Poor little boat didn't even see it coming... neglectful parent too busy saving own life whilst failing to kayak to keep an eye on the boat....

Last seen below the take out of the Idaho Springs run...

Any sightings/info would be greatly appreciated....

i miss her already....

colin
970-393-0172


----------



## egillaspy1 (Apr 4, 2006)

Hot little red boat. I chased her all the way to the takeout, but alas, she is gone. Nice boating with her...thanks for the six pack. 
E


----------



## justin.payne (Oct 28, 2009)

I do believe I saw it pinned. There were some fireline no crossing tape up where it was pinned under the water.


----------



## justin.payne (Oct 28, 2009)

Either right above Screaming quarter mile, or right below.


----------



## summitpaddler (May 10, 2011)

Nice! Thanks for the heads up. I'll venture down after work today and see what I can see.


----------



## T.J. (Apr 24, 2007)

I believe that boat is a Dagger Mamba. That is also red. At least it was last week. I doubt your boat traveled that far down the river.


----------



## CUBuffskier (Jul 7, 2005)

If it did make it from idaho springs to screamin quarter mile, I want a report on if you can still paddle that hunk of plastic.


----------



## summitpaddler (May 10, 2011)

Hell, I'm doubting if I can paddle ANYTHING at this point after failing so epically yesterday.... Heheheh

Thanks for all the info... Sounds like it probably wouldnt be worth the drive from Breck for what is probably the mamba, eh?


----------



## egillaspy1 (Apr 4, 2006)

*paddlin*

I am running Idaho springs town run today and I ll look for it on the way up 6. That boat in screaming 1/4 mile has been there almost a week I think. It s not your boat. If you can come up with a boat, lets do Foxton on friday. I am off at 2 ish. Good luck, and again thanks for the beer. E


----------



## johnnyww (Oct 18, 2003)

Colin, We have your boat at Clear Creek Rafting Co. in Idaho Springs. We will also call you. 

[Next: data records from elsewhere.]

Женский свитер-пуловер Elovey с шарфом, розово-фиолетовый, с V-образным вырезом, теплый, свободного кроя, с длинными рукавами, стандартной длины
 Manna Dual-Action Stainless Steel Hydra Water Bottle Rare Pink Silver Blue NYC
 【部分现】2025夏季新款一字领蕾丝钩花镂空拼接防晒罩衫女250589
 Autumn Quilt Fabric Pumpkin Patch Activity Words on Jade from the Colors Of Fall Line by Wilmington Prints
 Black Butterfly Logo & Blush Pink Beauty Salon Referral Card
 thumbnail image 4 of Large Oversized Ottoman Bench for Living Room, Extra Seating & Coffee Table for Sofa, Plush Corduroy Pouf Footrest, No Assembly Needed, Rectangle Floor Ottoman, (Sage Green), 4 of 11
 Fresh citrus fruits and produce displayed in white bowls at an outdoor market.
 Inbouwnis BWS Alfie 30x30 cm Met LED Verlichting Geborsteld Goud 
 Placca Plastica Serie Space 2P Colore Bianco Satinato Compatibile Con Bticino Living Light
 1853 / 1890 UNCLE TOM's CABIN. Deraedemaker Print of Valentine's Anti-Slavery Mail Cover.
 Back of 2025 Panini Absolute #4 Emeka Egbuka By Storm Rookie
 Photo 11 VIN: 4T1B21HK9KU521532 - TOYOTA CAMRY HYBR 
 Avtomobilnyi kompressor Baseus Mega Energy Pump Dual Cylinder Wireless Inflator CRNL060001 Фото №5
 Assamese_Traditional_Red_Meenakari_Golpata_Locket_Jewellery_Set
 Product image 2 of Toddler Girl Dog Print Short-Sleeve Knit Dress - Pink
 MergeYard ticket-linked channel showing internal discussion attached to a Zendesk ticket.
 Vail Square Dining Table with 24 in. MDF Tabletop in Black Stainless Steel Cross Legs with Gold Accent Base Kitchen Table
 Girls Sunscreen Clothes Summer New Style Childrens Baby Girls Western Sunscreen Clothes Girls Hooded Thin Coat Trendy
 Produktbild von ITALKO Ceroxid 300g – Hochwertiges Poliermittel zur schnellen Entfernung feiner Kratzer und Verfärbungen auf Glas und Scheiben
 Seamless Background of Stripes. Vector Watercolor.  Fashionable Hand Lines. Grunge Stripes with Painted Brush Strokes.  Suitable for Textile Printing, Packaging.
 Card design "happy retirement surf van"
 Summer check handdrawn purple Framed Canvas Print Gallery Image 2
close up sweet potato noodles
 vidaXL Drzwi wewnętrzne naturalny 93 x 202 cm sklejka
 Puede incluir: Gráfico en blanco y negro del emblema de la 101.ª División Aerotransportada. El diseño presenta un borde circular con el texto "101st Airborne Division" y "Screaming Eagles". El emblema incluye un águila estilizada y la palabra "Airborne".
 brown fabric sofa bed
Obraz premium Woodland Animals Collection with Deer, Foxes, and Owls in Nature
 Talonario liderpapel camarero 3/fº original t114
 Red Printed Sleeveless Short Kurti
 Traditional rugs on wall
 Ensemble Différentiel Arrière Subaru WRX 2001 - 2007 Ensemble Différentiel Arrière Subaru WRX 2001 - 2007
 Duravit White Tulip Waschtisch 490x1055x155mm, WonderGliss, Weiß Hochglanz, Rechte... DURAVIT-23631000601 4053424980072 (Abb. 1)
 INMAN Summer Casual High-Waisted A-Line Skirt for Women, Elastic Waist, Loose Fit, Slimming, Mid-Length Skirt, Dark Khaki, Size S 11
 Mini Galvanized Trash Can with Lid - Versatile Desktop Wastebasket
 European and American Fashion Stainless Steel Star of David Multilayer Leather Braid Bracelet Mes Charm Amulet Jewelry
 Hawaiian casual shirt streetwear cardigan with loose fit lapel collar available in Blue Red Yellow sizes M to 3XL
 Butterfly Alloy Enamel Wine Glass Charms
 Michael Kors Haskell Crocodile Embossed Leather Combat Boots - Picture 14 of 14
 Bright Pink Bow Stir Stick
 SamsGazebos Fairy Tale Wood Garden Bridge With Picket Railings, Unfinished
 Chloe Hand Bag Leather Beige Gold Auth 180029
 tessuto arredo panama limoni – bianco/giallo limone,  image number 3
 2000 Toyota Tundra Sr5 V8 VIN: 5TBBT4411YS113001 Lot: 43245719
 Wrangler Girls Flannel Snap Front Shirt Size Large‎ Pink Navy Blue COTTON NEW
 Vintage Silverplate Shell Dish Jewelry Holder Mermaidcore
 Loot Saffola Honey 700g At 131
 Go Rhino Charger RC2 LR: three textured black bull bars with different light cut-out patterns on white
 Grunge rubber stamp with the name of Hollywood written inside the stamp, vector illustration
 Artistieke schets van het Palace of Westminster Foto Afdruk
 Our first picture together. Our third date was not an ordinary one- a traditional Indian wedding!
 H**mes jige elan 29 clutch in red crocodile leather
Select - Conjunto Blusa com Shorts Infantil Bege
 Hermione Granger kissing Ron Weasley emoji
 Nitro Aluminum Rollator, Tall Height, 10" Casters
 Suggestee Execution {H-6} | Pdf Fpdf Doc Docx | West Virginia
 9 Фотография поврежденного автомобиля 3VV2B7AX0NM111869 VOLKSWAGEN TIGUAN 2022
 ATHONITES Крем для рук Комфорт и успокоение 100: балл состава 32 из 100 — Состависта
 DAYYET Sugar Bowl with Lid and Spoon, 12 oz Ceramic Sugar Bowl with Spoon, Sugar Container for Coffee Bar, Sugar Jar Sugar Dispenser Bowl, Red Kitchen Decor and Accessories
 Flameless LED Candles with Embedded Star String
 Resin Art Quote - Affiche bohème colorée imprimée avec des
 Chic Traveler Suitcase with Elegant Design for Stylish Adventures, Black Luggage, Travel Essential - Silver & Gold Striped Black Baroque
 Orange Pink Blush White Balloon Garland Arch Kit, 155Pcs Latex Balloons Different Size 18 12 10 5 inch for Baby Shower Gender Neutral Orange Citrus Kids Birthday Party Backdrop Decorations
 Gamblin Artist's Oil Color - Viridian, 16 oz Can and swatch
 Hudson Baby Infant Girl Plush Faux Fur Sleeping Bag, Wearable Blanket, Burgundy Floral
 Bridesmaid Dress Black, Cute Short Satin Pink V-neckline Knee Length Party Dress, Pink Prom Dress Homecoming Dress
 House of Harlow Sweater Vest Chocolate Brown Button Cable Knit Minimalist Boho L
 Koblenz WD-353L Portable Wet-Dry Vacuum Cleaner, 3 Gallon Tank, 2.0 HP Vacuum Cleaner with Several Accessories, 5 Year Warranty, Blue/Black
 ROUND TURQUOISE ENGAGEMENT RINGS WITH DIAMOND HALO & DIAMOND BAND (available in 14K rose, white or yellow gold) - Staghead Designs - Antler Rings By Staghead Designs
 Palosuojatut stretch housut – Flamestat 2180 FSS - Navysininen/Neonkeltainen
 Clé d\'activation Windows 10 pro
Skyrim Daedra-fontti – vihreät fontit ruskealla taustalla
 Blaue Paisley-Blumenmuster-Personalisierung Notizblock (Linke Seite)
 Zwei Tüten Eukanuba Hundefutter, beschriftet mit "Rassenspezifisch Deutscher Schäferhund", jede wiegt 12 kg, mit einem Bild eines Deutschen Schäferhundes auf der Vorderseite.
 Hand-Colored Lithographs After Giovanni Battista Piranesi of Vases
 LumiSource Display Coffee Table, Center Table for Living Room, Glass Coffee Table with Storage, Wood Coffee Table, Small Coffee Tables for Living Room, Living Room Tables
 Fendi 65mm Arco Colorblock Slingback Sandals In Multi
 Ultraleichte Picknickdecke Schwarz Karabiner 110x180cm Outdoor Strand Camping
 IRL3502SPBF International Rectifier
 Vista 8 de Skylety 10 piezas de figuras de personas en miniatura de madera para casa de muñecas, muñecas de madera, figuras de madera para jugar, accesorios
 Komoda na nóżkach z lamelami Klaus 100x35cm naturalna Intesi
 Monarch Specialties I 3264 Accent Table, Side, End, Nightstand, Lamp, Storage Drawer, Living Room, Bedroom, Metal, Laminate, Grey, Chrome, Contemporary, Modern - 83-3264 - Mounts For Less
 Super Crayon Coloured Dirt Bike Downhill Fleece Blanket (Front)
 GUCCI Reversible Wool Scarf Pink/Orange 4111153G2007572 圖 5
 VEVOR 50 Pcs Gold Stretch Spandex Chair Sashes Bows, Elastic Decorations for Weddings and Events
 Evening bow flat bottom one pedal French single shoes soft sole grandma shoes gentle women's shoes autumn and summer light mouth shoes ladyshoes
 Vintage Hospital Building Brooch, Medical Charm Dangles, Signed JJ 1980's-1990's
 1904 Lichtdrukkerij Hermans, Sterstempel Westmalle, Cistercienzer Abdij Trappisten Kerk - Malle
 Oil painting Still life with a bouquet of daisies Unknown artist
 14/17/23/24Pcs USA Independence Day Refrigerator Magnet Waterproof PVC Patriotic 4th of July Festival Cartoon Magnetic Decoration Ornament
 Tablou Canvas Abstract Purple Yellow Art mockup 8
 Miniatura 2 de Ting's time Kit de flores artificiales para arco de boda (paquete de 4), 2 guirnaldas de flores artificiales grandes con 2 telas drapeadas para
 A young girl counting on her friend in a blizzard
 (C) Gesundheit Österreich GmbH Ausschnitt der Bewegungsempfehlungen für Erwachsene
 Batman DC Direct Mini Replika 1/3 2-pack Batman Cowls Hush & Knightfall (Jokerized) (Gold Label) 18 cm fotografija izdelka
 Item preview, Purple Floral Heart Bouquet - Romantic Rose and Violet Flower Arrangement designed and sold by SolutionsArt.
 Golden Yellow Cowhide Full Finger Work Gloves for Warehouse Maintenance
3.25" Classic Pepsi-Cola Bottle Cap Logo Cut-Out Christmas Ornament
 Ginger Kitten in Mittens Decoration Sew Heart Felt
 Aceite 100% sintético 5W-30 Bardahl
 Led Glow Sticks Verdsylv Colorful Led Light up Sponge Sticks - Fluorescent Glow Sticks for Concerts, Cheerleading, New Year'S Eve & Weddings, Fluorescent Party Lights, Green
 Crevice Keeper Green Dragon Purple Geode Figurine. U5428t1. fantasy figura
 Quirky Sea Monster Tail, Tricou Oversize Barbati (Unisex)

Please everyone, if you loose your boat in Clear Creek County, call the sheriffs office and give them the details of where and let them know if you/everyone is ok. Today it caused the whole swiftwater team, fire dept, and everyone else.... down there getting this boat unpinned from a rock above tunnel 6 expecting a person to still be in it. We as boaters know that it is usually just gear in these situations, but the rest of the public and sheriff/fire dept. don't. The Clear Creek County Sheriff's phone number is 303-679-2393.

Thanks, John Rice


----------



## summitpaddler (May 10, 2011)

*Thanks!*

Clear creek county sheriff dragged it out this morning. My sincere thanks to everyone for helping out- I needed all the help I could get!

Also-lesson learned- call the sheriff when boat is lost, not state patrol....


----------